- EXERCISE AIM
Print the records below exactly, omitting all pictures.

- SOURCE MATERIAL

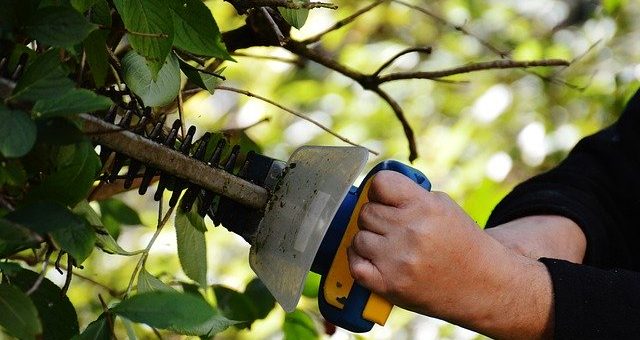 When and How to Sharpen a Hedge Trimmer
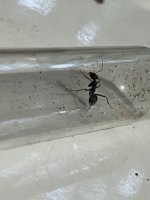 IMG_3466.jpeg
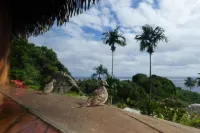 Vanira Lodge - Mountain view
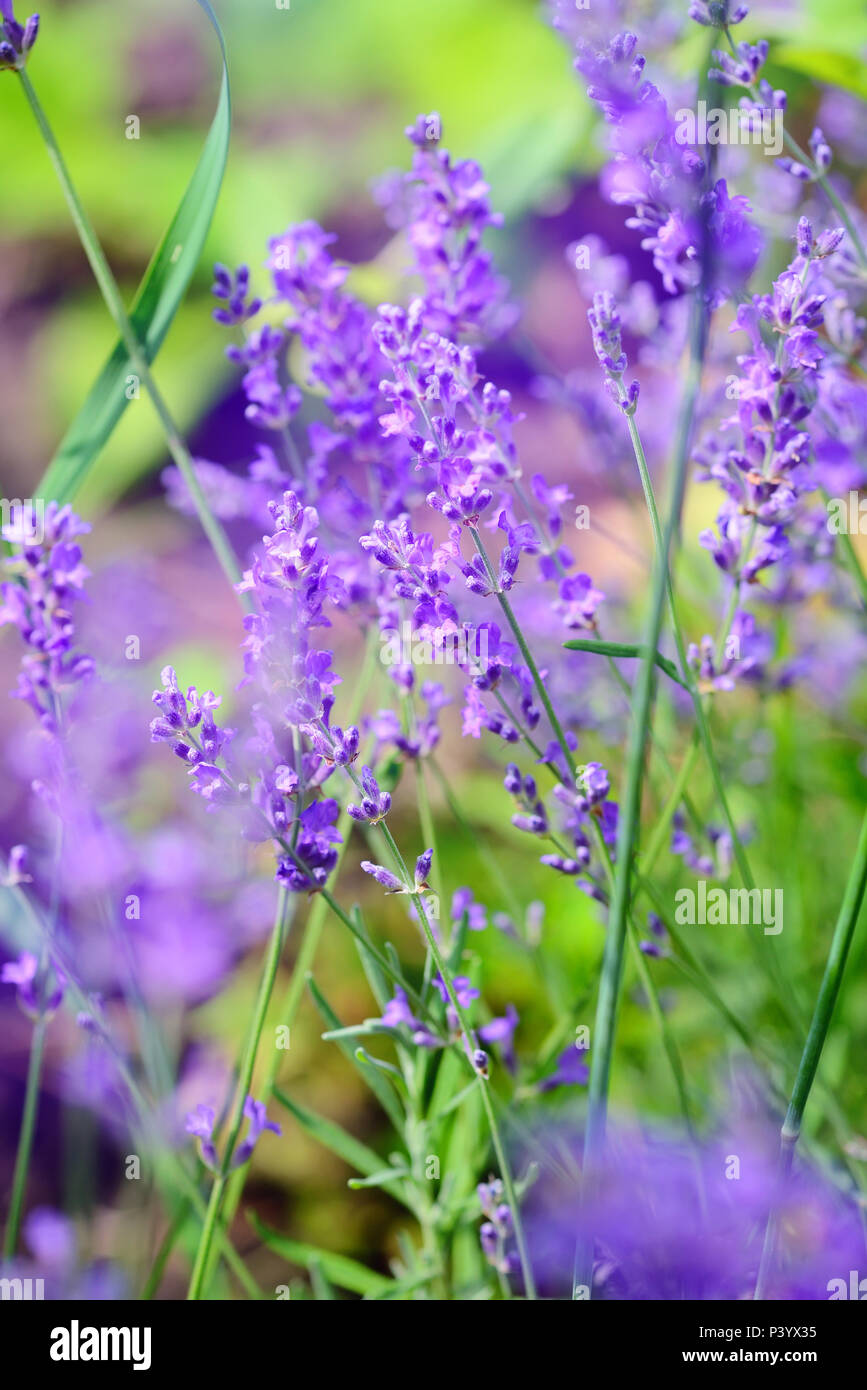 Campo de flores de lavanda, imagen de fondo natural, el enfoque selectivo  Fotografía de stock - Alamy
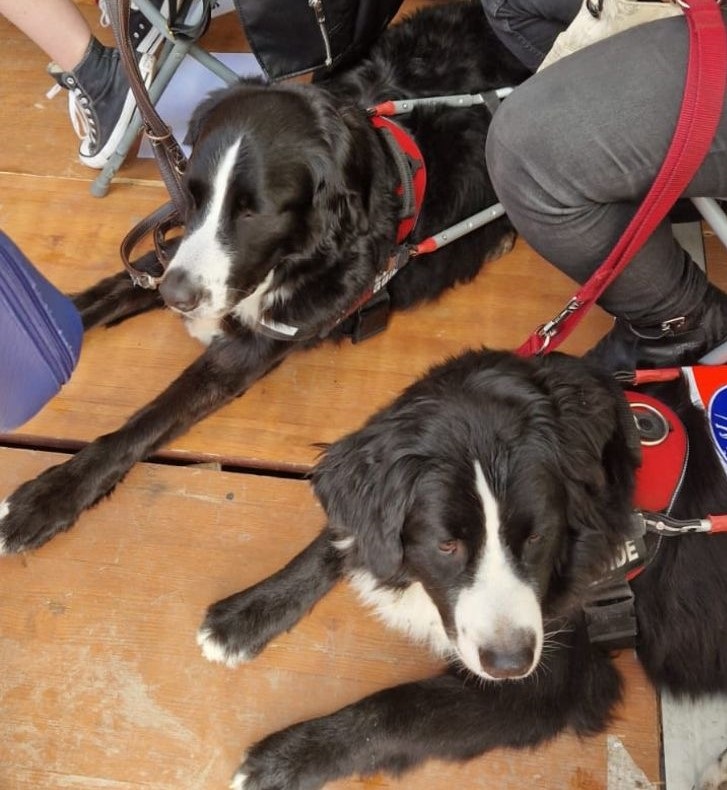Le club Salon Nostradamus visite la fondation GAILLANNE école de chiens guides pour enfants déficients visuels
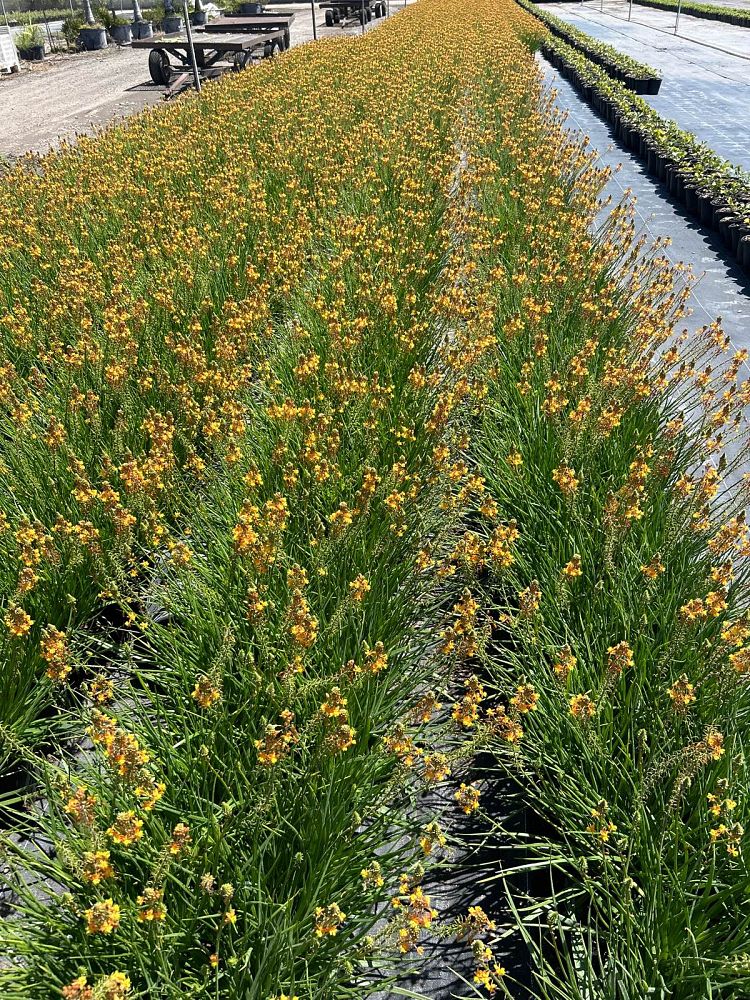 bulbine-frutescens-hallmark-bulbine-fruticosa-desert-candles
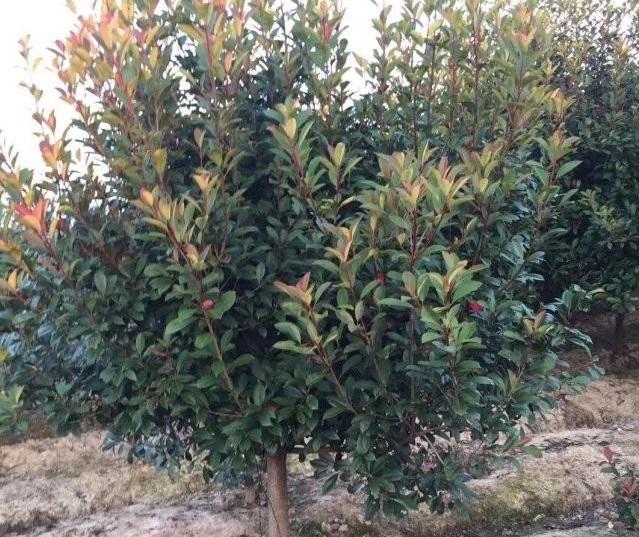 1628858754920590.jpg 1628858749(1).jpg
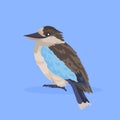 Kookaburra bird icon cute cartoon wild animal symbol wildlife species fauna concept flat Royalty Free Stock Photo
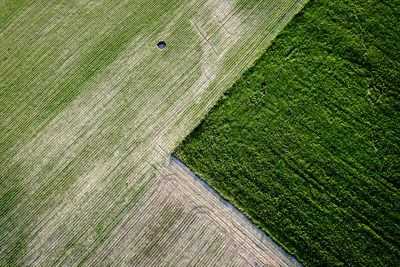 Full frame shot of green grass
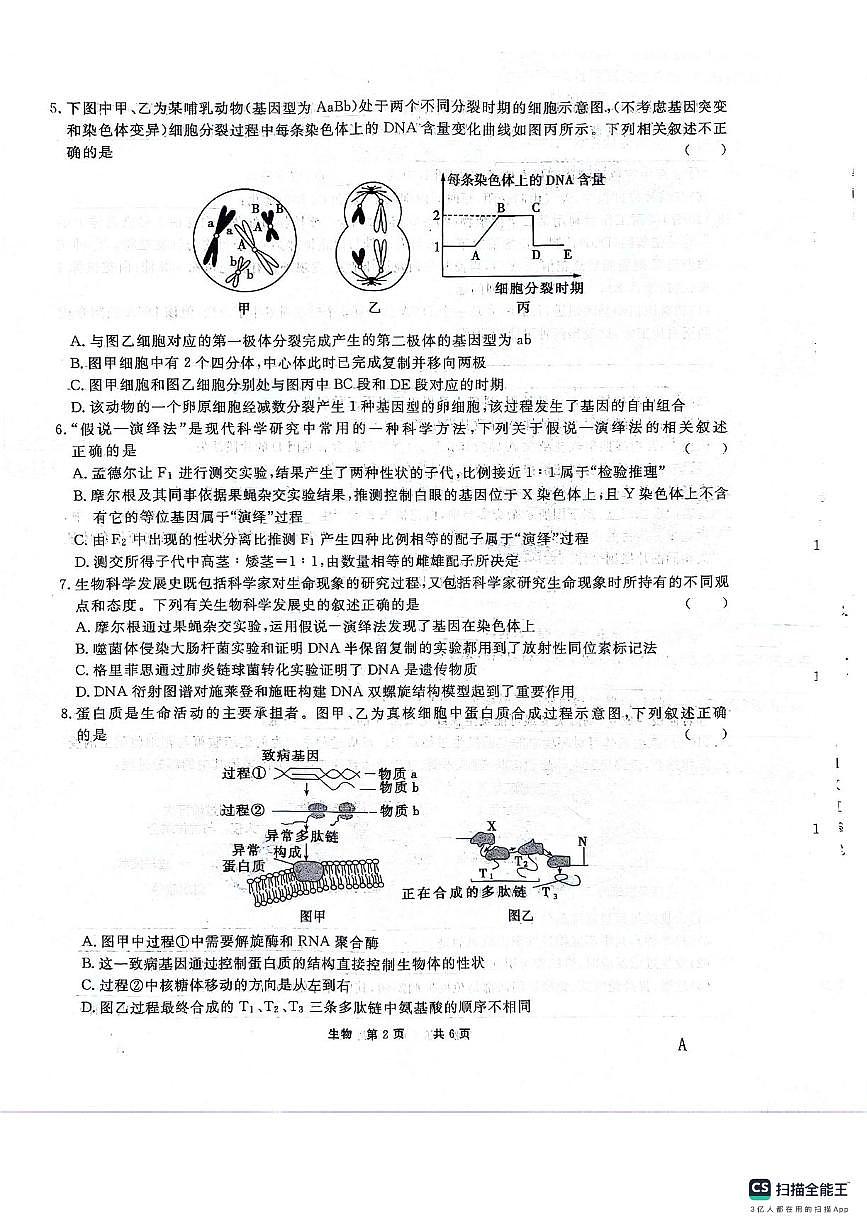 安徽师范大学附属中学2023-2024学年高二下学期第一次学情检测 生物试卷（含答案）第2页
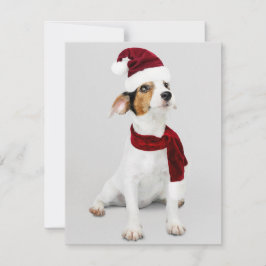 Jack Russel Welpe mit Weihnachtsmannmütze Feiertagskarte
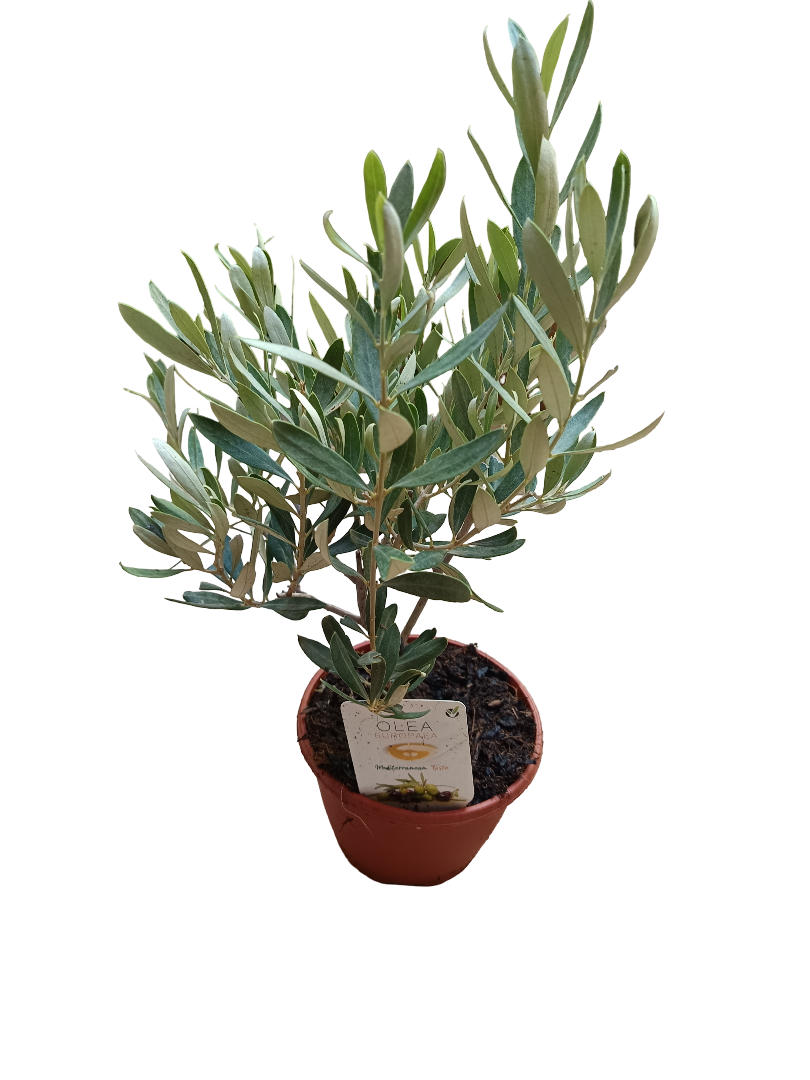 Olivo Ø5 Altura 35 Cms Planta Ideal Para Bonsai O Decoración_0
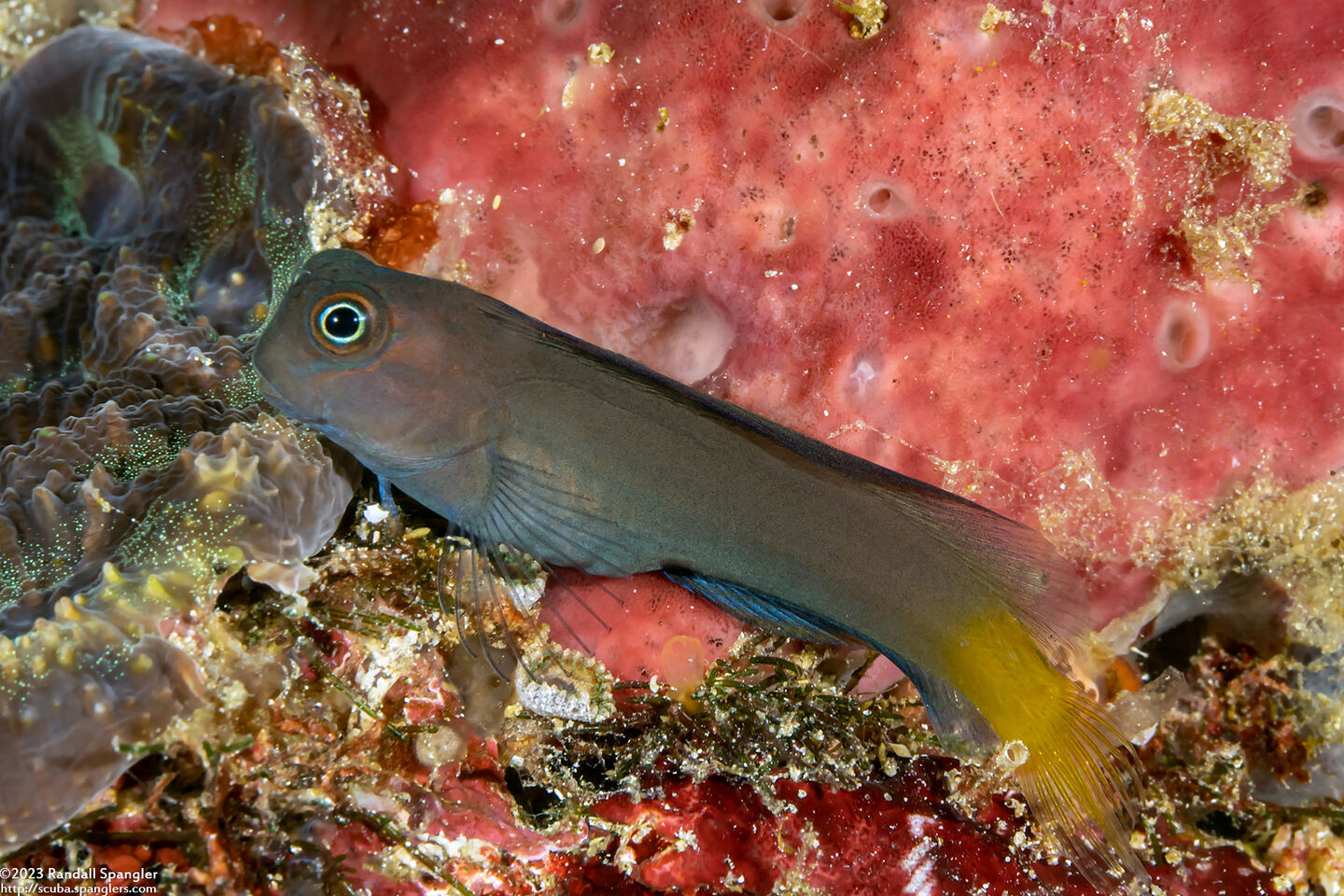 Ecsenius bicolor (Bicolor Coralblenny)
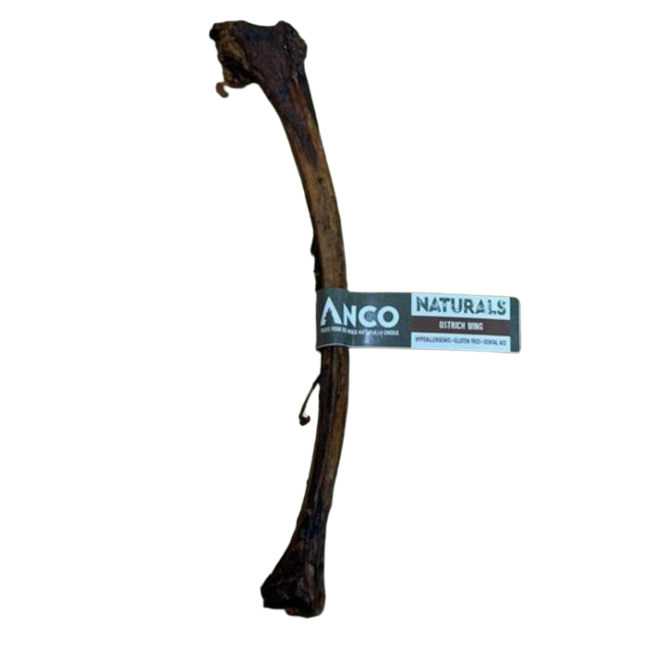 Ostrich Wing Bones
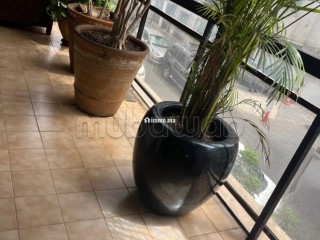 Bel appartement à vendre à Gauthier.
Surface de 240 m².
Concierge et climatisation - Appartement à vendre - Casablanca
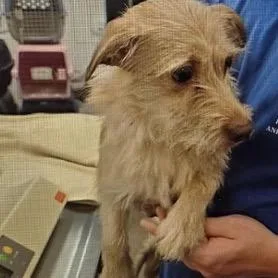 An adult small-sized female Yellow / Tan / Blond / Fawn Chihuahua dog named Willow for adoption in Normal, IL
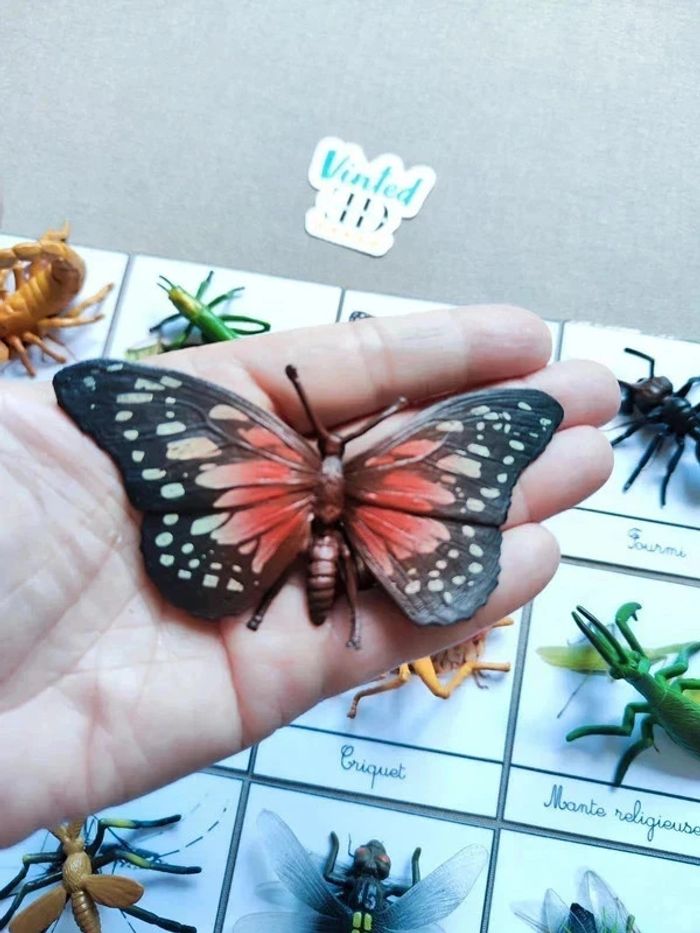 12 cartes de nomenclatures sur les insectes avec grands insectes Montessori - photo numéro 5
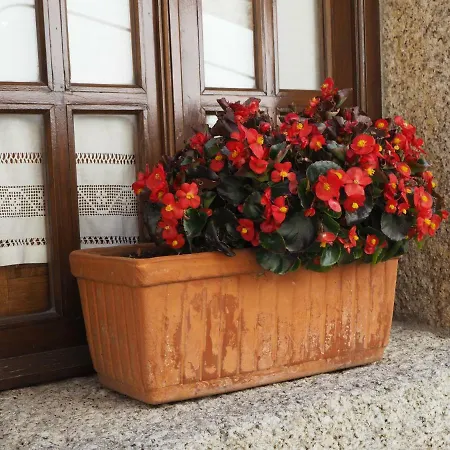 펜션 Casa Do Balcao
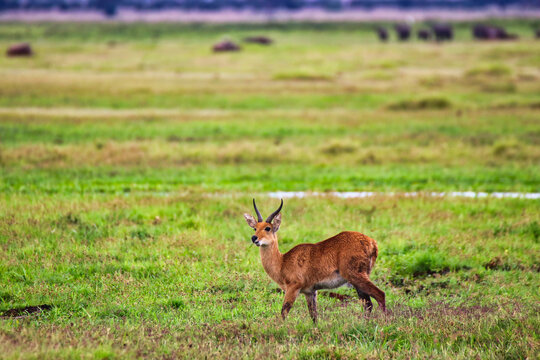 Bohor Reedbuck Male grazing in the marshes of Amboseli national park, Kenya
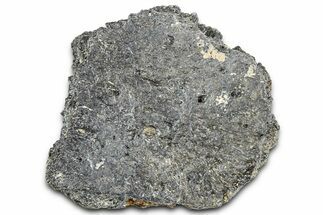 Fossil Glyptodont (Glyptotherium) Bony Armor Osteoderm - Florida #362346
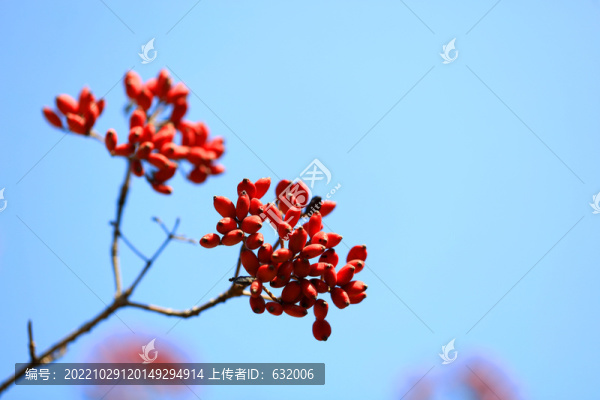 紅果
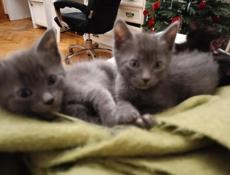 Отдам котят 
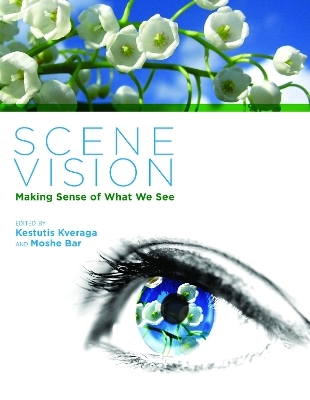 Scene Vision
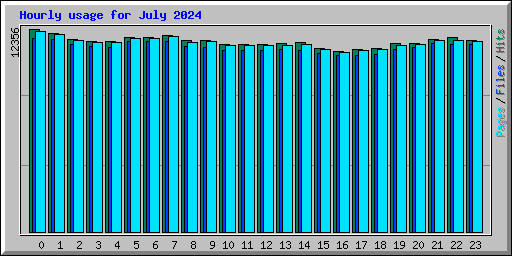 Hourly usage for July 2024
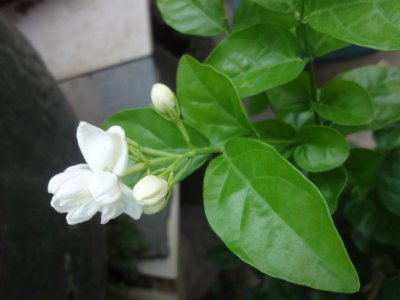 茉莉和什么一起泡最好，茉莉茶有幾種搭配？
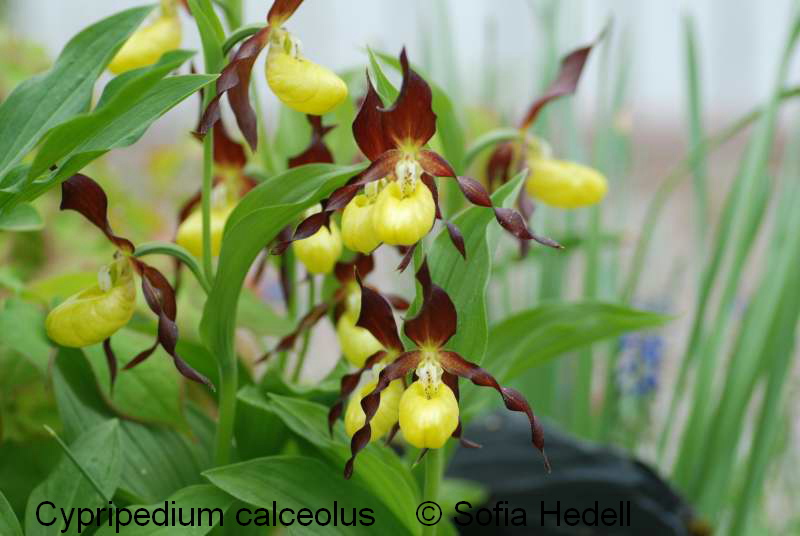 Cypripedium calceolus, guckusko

- PROBLEM SOLUTION
 When and How to Sharpen a Hedge Trimmer
 IMG_3466.jpeg
 Vanira Lodge - Mountain view
 Campo de flores de lavanda, imagen de fondo natural, el enfoque selectivo  Fotografía de stock - Alamy
Le club Salon Nostradamus visite la fondation GAILLANNE école de chiens guides pour enfants déficients visuels
 bulbine-frutescens-hallmark-bulbine-fruticosa-desert-candles
 1628858754920590.jpg 1628858749(1).jpg
 Kookaburra bird icon cute cartoon wild animal symbol wildlife species fauna concept flat Royalty Free Stock Photo
 Full frame shot of green grass
 安徽师范大学附属中学2023-2024学年高二下学期第一次学情检测 生物试卷（含答案）第2页
 Jack Russel Welpe mit Weihnachtsmannmütze Feiertagskarte
 Olivo Ø5 Altura 35 Cms Planta Ideal Para Bonsai O Decoración_0
 Ecsenius bicolor (Bicolor Coralblenny)
 Ostrich Wing Bones
 Bel appartement à vendre à Gauthier.
Surface de 240 m².
Concierge et climatisation - Appartement à vendre - Casablanca
 An adult small-sized female Yellow / Tan / Blond / Fawn Chihuahua dog named Willow for adoption in Normal, IL
 12 cartes de nomenclatures sur les insectes avec grands insectes Montessori - photo numéro 5
 펜션 Casa Do Balcao
 Bohor Reedbuck Male grazing in the marshes of Amboseli national park, Kenya
 Fossil Glyptodont (Glyptotherium) Bony Armor Osteoderm - Florida #362346
 紅果
 Отдам котят 
 Scene Vision
 Hourly usage for July 2024
 茉莉和什么一起泡最好，茉莉茶有幾種搭配？
 Cypripedium calceolus, guckusko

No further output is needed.